KEYPAIR="<YOUR_KEYPAIR>"
aws emr create-cluster --name Accumulo \
--ami-version 3.2.1 \
--region $REGION \
--ec2-attributes KeyName=$KEYPAIR \
--no-auto-terminate \
--instance-groups \
InstanceGroupType=MASTER,InstanceCount=1,InstanceType=m3.xlarge \
InstanceGroupType=CORE,InstanceCount=2,InstanceType=m3.xlarge \
--bootstrap-actions \
Name=Accumulo_bootstrap,\
Path="s3://elasticmapreduce/samples/accumulo/1.6.1/install-accumulo.sh",\
Args=["ZK_IPADDR,DBNAME,PASSWORD"] \
--log-uri "s3://BUCKETNAME/accumulo-logs/"
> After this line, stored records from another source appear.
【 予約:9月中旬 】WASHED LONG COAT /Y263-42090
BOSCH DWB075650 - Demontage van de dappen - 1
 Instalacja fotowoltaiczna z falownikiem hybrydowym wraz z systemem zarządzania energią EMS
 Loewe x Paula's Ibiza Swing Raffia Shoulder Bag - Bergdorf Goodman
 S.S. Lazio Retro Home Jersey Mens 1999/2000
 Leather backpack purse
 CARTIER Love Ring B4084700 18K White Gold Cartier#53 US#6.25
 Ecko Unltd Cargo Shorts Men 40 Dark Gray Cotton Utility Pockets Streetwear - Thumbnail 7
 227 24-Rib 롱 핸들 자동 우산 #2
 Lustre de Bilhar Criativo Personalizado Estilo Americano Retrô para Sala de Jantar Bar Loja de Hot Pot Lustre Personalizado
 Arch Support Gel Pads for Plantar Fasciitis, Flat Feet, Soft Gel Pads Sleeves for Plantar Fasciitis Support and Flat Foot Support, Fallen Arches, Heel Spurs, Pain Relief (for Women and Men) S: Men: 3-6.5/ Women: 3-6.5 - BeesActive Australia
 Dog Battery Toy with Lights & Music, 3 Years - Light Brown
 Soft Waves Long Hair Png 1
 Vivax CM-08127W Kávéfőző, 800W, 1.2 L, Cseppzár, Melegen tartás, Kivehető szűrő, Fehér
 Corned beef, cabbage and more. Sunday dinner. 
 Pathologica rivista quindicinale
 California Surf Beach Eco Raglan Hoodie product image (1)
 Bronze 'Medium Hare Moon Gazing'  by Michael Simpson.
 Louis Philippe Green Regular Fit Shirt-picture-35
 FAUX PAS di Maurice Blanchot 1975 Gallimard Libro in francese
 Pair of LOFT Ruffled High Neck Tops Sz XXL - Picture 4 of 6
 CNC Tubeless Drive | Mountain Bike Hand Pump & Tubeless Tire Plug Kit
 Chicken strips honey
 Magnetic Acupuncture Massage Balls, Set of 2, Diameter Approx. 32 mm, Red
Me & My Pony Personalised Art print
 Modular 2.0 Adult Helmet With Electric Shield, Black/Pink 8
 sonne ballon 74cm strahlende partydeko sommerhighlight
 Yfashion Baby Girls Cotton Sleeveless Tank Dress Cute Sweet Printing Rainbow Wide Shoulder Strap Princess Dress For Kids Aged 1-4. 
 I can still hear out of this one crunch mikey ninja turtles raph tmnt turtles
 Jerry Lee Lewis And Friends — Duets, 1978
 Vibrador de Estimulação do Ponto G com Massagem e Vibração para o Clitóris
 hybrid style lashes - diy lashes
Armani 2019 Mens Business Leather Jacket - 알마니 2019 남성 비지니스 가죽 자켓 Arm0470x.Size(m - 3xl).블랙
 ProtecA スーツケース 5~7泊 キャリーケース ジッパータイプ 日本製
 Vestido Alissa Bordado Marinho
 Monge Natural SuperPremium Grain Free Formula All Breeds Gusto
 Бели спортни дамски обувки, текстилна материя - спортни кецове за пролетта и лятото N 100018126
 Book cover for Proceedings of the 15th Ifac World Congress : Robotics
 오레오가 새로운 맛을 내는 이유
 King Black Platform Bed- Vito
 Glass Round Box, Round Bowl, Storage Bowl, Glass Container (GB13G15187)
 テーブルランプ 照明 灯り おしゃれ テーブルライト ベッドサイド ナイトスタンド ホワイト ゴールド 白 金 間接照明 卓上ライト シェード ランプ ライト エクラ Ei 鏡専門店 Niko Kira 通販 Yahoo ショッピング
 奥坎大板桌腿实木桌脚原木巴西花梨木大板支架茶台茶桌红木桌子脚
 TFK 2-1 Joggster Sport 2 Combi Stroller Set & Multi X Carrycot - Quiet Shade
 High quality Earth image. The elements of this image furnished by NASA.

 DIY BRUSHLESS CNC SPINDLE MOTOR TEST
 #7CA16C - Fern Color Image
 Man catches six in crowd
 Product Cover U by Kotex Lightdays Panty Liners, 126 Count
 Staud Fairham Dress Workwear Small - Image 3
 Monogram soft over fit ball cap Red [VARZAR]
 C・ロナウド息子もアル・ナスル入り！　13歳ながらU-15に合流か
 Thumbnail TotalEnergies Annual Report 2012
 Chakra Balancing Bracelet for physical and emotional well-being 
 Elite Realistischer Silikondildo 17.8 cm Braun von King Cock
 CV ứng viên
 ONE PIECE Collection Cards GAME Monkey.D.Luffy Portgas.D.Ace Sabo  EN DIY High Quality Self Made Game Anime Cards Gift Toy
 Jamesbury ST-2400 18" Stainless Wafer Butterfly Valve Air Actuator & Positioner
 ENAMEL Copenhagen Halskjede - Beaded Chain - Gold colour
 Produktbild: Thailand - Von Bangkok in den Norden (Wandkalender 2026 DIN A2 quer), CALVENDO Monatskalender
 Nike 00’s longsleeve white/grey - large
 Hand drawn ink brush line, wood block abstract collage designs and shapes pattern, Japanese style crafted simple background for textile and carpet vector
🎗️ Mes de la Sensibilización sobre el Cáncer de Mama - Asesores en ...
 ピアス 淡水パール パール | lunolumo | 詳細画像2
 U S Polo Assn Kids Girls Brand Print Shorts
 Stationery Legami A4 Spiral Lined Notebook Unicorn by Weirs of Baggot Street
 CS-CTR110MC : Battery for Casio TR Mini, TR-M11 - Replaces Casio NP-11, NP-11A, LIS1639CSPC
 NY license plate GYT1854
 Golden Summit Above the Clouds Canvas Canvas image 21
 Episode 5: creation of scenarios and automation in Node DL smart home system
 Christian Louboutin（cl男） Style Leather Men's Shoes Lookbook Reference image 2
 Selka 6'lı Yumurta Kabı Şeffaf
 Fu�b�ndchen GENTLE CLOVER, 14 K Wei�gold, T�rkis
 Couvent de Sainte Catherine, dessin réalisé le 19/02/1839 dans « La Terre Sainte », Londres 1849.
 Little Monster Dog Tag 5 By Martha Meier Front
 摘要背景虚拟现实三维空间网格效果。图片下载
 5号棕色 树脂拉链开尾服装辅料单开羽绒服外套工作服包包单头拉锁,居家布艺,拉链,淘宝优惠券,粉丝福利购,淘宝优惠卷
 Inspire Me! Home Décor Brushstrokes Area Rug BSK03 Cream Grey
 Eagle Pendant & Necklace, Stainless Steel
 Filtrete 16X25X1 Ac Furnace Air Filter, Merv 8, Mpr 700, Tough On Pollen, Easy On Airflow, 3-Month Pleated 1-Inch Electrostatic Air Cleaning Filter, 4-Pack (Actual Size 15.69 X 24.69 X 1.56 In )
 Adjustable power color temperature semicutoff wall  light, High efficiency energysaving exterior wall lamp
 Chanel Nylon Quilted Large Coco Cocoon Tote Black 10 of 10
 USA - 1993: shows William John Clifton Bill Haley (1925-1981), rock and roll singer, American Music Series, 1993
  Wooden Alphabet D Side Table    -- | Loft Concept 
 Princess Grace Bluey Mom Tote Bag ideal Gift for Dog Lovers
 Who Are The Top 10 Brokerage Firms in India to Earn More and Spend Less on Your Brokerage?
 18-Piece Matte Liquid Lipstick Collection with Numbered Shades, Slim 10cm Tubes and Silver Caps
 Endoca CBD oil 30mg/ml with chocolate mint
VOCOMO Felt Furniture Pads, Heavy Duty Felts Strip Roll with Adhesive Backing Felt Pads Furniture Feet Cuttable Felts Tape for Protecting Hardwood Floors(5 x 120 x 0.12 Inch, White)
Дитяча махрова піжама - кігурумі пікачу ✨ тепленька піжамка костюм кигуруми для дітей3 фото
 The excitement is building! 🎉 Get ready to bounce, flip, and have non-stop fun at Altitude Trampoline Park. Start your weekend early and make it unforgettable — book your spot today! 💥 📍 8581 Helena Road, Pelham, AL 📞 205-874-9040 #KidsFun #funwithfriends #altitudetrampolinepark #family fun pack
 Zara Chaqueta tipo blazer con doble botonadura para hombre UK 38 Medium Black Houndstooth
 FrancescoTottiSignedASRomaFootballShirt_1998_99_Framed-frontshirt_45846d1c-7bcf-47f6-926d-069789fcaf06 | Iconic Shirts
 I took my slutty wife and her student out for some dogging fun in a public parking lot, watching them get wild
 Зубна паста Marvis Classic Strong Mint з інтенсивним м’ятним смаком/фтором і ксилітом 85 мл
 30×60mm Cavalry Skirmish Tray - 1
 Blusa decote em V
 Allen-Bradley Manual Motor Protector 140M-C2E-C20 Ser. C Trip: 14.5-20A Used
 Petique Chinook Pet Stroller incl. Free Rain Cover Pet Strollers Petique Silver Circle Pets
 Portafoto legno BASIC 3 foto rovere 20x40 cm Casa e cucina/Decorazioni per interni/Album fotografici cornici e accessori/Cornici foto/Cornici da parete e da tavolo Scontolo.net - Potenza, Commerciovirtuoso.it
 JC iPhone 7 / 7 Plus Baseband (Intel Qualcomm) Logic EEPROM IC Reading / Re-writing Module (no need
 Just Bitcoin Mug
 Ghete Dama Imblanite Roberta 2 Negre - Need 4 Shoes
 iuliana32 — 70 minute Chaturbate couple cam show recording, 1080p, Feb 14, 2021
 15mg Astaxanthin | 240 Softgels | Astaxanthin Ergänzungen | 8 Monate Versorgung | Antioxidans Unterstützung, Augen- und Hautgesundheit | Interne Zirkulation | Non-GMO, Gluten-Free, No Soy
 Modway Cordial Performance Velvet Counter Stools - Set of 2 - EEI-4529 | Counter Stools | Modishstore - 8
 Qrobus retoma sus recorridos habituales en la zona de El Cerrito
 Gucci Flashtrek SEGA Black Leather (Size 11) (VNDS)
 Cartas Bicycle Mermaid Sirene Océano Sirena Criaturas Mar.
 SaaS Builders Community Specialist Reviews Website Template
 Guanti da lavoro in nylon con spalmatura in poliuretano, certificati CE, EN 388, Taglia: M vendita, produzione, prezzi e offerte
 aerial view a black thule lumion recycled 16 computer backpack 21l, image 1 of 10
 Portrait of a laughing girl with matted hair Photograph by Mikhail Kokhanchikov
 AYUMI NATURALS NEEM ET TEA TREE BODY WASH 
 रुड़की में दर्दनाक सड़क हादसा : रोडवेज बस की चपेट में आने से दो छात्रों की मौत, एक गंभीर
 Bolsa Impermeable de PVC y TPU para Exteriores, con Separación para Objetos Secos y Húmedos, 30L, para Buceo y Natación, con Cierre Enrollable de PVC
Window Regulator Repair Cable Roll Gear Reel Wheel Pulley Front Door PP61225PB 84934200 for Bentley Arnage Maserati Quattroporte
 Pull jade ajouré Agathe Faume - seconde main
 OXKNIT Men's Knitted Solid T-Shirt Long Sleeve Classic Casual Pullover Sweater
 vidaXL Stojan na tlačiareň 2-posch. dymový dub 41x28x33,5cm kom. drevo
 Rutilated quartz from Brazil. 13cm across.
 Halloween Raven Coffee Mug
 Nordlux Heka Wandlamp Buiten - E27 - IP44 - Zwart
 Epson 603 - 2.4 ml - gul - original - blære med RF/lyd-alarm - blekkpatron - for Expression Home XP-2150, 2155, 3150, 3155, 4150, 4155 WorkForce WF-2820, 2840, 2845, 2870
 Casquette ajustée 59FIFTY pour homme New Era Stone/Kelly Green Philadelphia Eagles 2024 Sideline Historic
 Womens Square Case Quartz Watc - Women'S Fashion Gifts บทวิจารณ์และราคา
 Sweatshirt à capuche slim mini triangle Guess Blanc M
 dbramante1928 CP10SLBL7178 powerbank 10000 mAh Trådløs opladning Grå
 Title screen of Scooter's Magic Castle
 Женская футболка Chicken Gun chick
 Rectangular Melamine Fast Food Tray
Note: To launch Accumulo 1.4.2 use bootstrap at s3://elasticmapreduce/samples/accumulo/1.4.2/install-accumulo.sh
ZK_IPADDR: IP address of a Zookeeper node
DBNAME: Name of the database that you would like to create in Accumulo
PASSWORD: Accumulo DB password
BUCKETNAME: Your Amazon S3 bucket name where the Amazon EMR logs will be uploaded
-
SSH to master node
-
Log into the accumulo shell:
$ ./bin/accumulo shell -u username -p password
- Create a table called 'hellotable':
username@instance> createtable hellotable
- Launch a Java program that inserts data with a BatchWriter:
accumulo/bin/accumulo org.apache.accumulo.examples.simple.helloworld.InsertWithBatchWriter \
-i big -z ZK_IPADDR -u root -p 1234 -t hellotable
ZK_IPADDR: IP address of a Zookeeper node
- To view the entries, use the shell to scan the table:
username@instance> table hellotable
username@instance hellotable> scan
- Or you can go to Accumulo UI (
http://[master-node]:50095/status
) and check that it shows 50k entries.